Примером может служить Александр Никитенко, оценивший в дневнике 1913 г. свое назначение. «Сегодня министр очень долго говорил со мной ‹…›. Действуйте, – между прочим сказал он, – по системе, которую вы должны постигнуть не из одного цензурного устава, но из самих обстоятельств и хода вещей. Но при этом действуйте так, чтобы публика не имела повода заключать, будто правительство угнетает просвещение» (Никитенко, 2005, 46).
См. Гройс (Groys): «Социалистический мимезис ‹…› направлен на скрытую сущность вещей, а не на их явление ‹…› Социалистический реализм ‹…› ориентируется на нечто, что еще не существует, но должно быть создано» (1988, 58). Соцреализм творит идеологическую действительность, исходя не из того, что есть, но из того, чему надлежит быть; социалистический реализм – это поэтика «несуществующего» (Там же, 57).
Разумеется, что имеют место и субверсивные контрстратегии, подрывающие этот дискурс правды. Они представлены текстами позднего авангарда 1930-х годов или произведениями диссидентов, использовавших эзопов язык. К стратегии «субверсивного утверждения», опровергающего тоталитарное слово с опорой на его собственные ресурсы, см.: Sasse / Schramm, 1977.
С этим сопряжена проблема взаимосвязи мысли и поступка. Так, Соловьев в сочинении «Оправдание добра» (1897) считает основанием морально-правовой оценки «внутреннее поступка» (см. рассуждения Ю. Мурашова в связи со сценой суда в «Братьях Карамазовых»: Murašov, 2001).

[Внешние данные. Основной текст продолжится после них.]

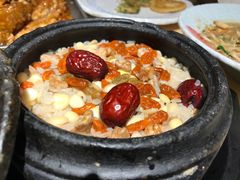 营养饭-延松朝鲜族料理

Лосев предлагает проводить различие между эзоповым языком и загадкой по признаку амбивалентности. В загадках, как и в эзоповом языке, референт не называется эксплицитно в самом тексте; функция такого текста – подтолкнуть читателя к поиску собственного наименования референтного объекта; текст загадки представляет собой, так же как и текст на эзоповом языке, «неполное и/или искаженное (трансформированное / метафорическое) описание загадочного объекта» (Loseff, 1994, 29; Лосев цитирует дефиницию загадки Юрия Левина). Однако в загадке, басне или аллегории «образ формируется не на основе амбивалентности, а в соответствии с четко закрепленными мифологическими коннотациями» (41).
Это соответствует морально-философскому или теологическому подходу к проблеме; иначе подходят к ней теории, которые придают фантазии и воображению положительный смысл. См.: Lachmann, 1998.
«Неправда ( falsiloquium ) не равнозначна лжи. Ложь характеризуется не только разрывом между речью и духом, но и тем, что она наносит вред самому говорящему или другому человеку, тогда как простая неправда не всегда связана с нанесением вреда» (Baumeister: Elementa philosophae recentioris. Цит. по: Bien, 1980, 538).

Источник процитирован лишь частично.